Desde hacía 18 años había confiado en la promesa del líder y había empeñado su prestigio cien veces para asegurar al reino que él era el llamado a destruir la mentira, el robo y la traición. Sufrió por ello calumnias y desdenes: se le llamó ilusa y cándida, y se dijo que era una enamorada incondicional de un demagogo. Ahora, lo dicho, estaba muy quieta en la calle vacía, sostenía su libreta de notas y en ella no había escrito ni una de las palabras del líder.

A la media noche, el líder bajó la escalera de la casona a la calle, en mangas de camisa, y subió al automóvil blanco que lo esperaba, y que partió por la avenida.

De pronto, tomó el espaldar del asiento del chofer y le preguntó dónde estaban.

—En Avenida Insurgentes, Andrés Manuel —le dijo el chofer.

Pero Andrés Manuel sintió desconfianza.

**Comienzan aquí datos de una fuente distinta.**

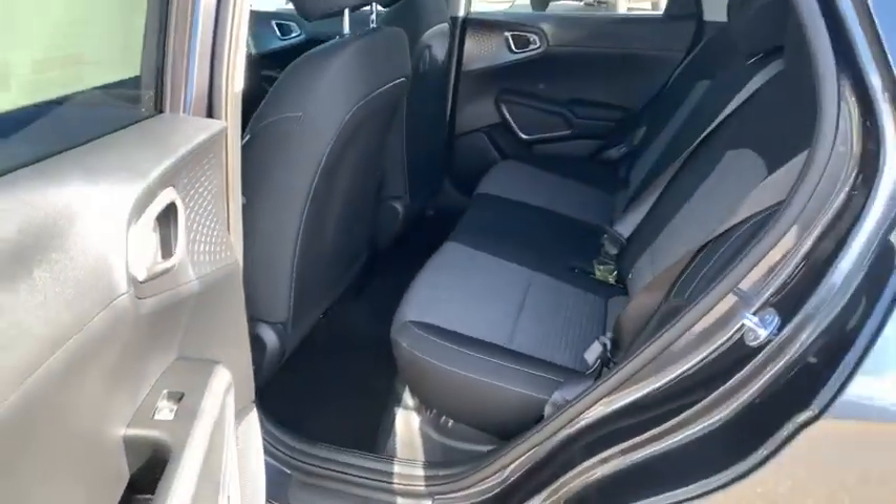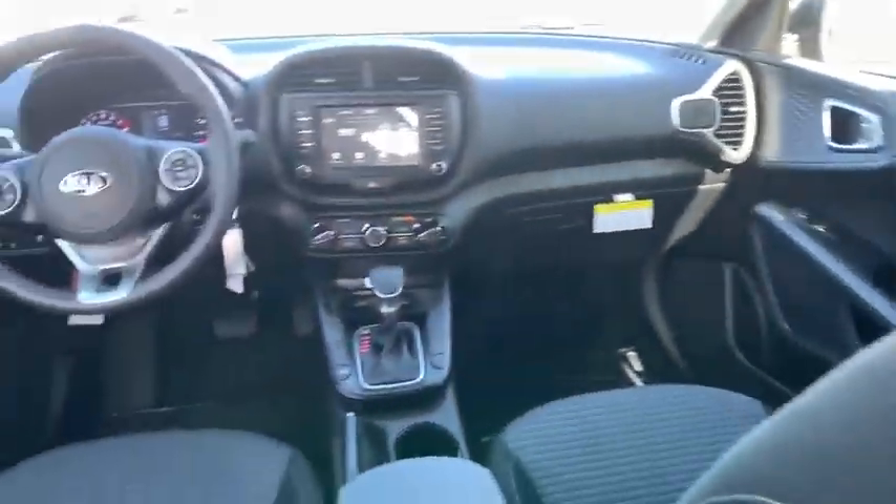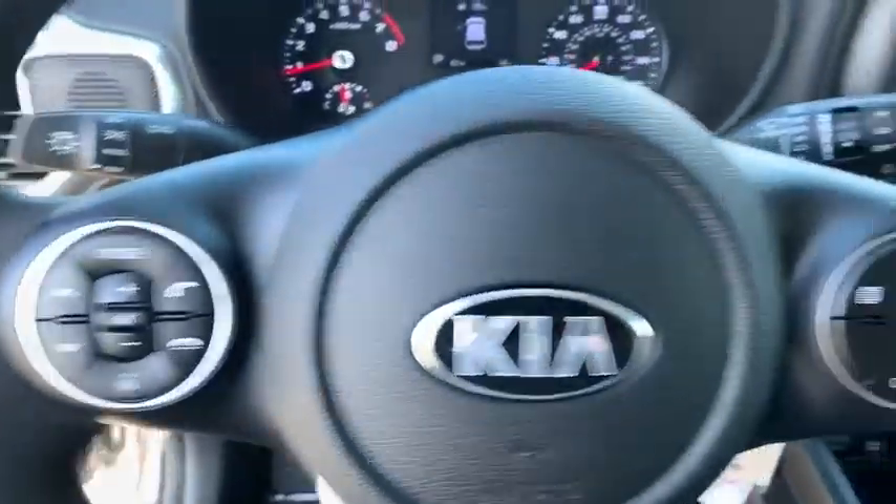Remote keyless entry, brake assist, tachometer, overhead console, power driver's seat, rear window wiper, front bucket seats, front reading lamps, driver vanity mirror.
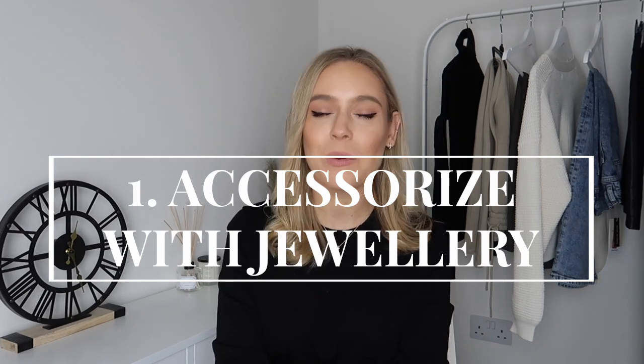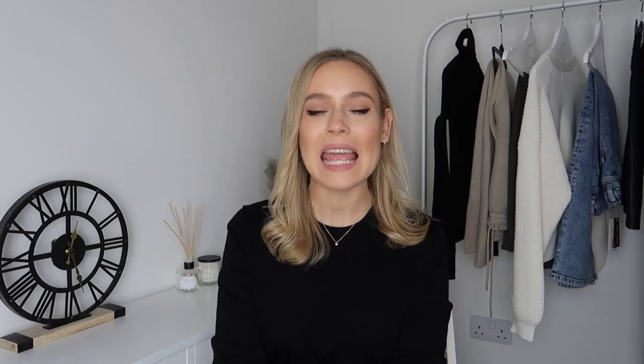The first tip that I would say can help you look more chic and more polished is to accessorize with jewelry. One of my favorite things to do is to wear a plainer outfit — today, for example, I'm wearing this black jumper and teaming it with a pair of black tailored trousers. It's an all-black outfit, but what I've done is accessorize with jewelry.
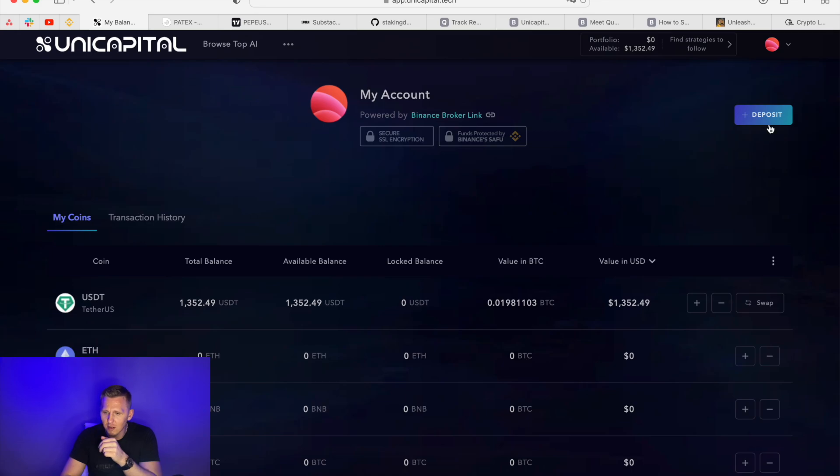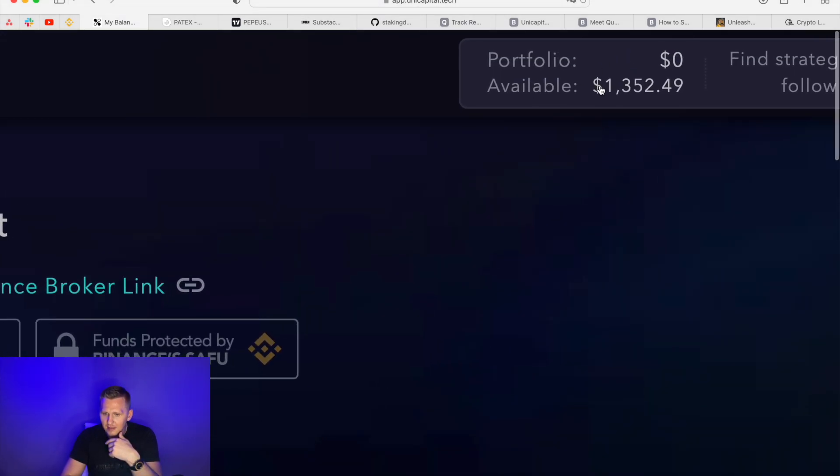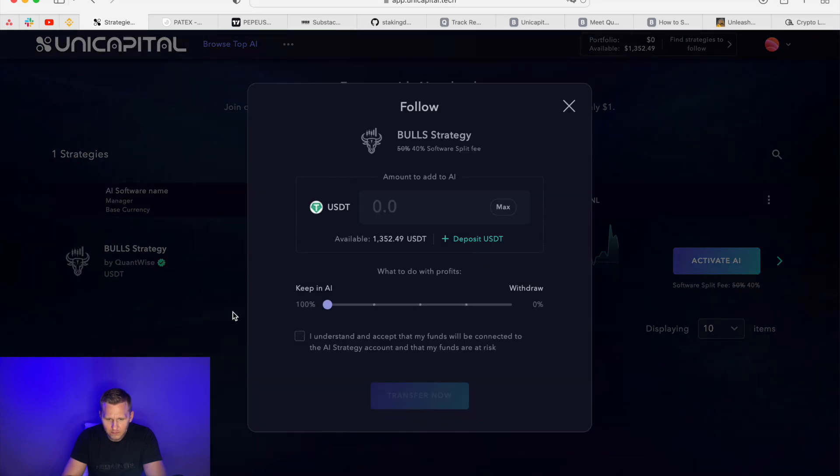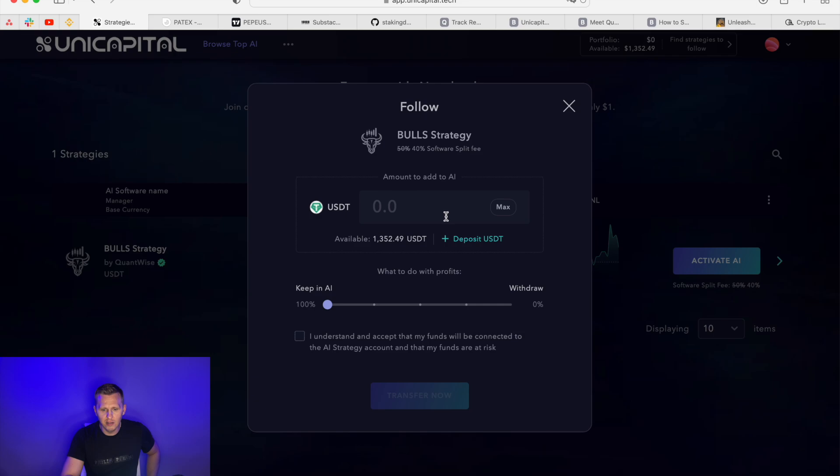To activate the bot: once money has arrived and is showing as available, go to 'Browse Top AI' where there is one strategy open, and click 'Activate AI.' You choose the budget — the amount you want to put in. Your capital is withdrawable at any given moment; you can take out everything you put in tomorrow. The only time you can't withdraw is when it is in a trade, so you may need to wait about one day before transferring out.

La avenida le parecía ajena, los faros de luz parecían parpadear. Estaré cansado, pensó. Y cerró los ojos.

Cuando los reabrió vio por su ventanilla una placita iluminada por farolas coloniales.

—¿Dónde demonios estamos? —preguntó.

Pero el chofer no estaba para responderle. Inquieto, porque percibía que la enfermedad de la desconfianza ya había anidado también en su cuerpo, bajó del auto aparcado y una taquicardia se le desató en el pecho al notar en el centro de la placita a una figura.

Era la Poniatowska, sentada en una banca, en el cono de luz de una farola, todavía en pants negros y tenis, todavía con el pelo blanco revuelto, y con la libreta abierta en una hoja todavía en blanco. Andrés Manuel se sentó a su lado. La pobre miraba al suelo avergonzada.

—¿Qué pasó? —la saludó en voz baja. —¿Ya publicaste tú una maravillosa verdad para refutar a los corruptos?

La Poniatowska lo miró.

—No sé qué decirte… —le dijo. —Escuché todo y a todos, te escuché a ti, con mucho amor, pero entre tantas verdades, no conseguí  saber cuál es la verdad verdadera.

—Ah caray —dijo Andrés Manuel.

—Como decía el jardinero de mi casa —siguió ella—, yo sólo sé que no sé nada, y estoy muy triste porque todavía no destruyes el Palacio de la Corrupción y ya parecemos vivir dentro de él.

—Entiendo —repitió él, y se frotó las manos preocupado.

—Andrés Manuel —le dijo ella—, lo siento mucho, pero…

Alargó la mano y con la yema del dedo índice le recogió del pelo blanco una mota traslúcida. Era un grano de desconfianza.

Al amanecer del siguiente día, se habían disipado todas las dudas del presidente electo. Se sentía otra vez fuerte y decidido. Se lavó el cabello, mandó llamar de nueva vuelta al avispero de periodistas, salió al balcón de la casona donde despachaba, y con el cabello todavía húmedo, dijo:

—Amigos. Amigas. No tengo ninguna verdad que decirles. Como decía el jardinero de la casa de Elena Poniatowska, yo sólo sé que no sé nada, y estoy muy triste porque todavía no destruyo el Palacio de la Corrupción y ya parecemos todos vivir dentro de él.

Guardó silencio y ningún periodista movió los ojos, hasta que agregó:

—Por eso, para solucionar esto, vamos a recurrir a un método extranjero, de origen griego, me dicen, que consiste en cerrar los labios, averiguar exhaustivamente la realidad y después, no antes, decir la verdad.